Based on global climate models and multiple hypotheses, scientists expected a 50-year drying trend to continue unabated into the 21st century, but a new study in Nature Climate Change shows that the trend has reversed.

 

The Science

The Indian summer monsoon (ISM) delivers about 80% of the Indian subcontinent’s annual precipitation and thus impacts the livelihood of more than 1/5 of the world’s population. The timing (typically June – September) and location of the ISM has far-reaching impacts—including floods and droughts—on farming and many other economic activities, and on the availability of water for people and livestock. These factors are of particular concern for north central India, which experienced a significant reduction in summer monsoon rainfall in the second half of the 20th century, resulting in degraded water security and widespread socioeconomic impacts. Global climate models and multiple hypotheses projected that this drying trend would continue unabated into the 21st century, but a new study in Nature Climate Change based on observational data shows that the trend has reversed.

 

The Impact

Prediction of long-term monsoonal rainfall variations is critical to securing water supplies and planning agricultural and other economic activities in monsoonal regions.

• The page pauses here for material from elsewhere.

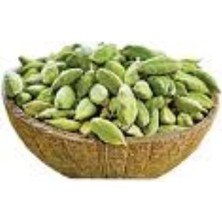 Karakız Kakule Tane Dökme 250 Gr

Enhanced knowledge about such variations can help scientists to improve current Earth-system models to more accurately project future climate change.

 

Summary

Using data obtained from ground-based and satellite measurements, researchers at the MIT Joint Program on the Science and Policy of Global Change find that since 2002, monsoon rainfall has increased in north central India at a rate of 1.34 millimeters per day per decade. They ascribe the revival of ISM precipitation to a combination of stronger warming over the Indian continent and slower rates of warming over the Indian Ocean. Today’s global climate models—and several hypotheses that have been proposed to explain the long-lasting drying trend in the second half of the 20th century—fail to capture the observed rainfall revival and corresponding trends in the underlying land-ocean temperature differences. In addition, the researchers find that this trend reversal of the Indian summer monsoon significantly mismatches the overall behavior of Northern Hemispheric monsoonal systems, raising the question of whether conditions unique to India, such as high concentrations of anthropogenic aerosols, are causing this phenomenon.

 

BER PM Contact

Bob Vallario

 

PI Contact

Chien Wang, senior research scientist, MIT Joint Program on the Science and Policy of Global Change, wangc@mit.edu

 

Funding

This research was supported by the U.S. National Science Foundation, U.S. Department of Energy Office of Science, and the National Research Foundation of Singapore.

 

Publication

Jin, Q. and C. Wang, 2017: A revival of Indian summer monsoon rainfall since 2002, Nature Climate Change, doi: 10.1038/NCLIMATE3348

 

Photo: Monsoon rains combined with a tropical depression to leave portions of India’s Orissa state flooded starting on September 22, 2007, said the International Federation of Red Cross and Red Crescent Societies (IFRC). By September 27, every river system except the Mahanadi was flooded. This image, captured by the Moderate Resolution Imaging Spectroradiometer (MODIS) on NASA’s Terra satellite on September 30, 2007, shows significant flooding in northeastern Orissa, one of the hardest-hit regions of the state.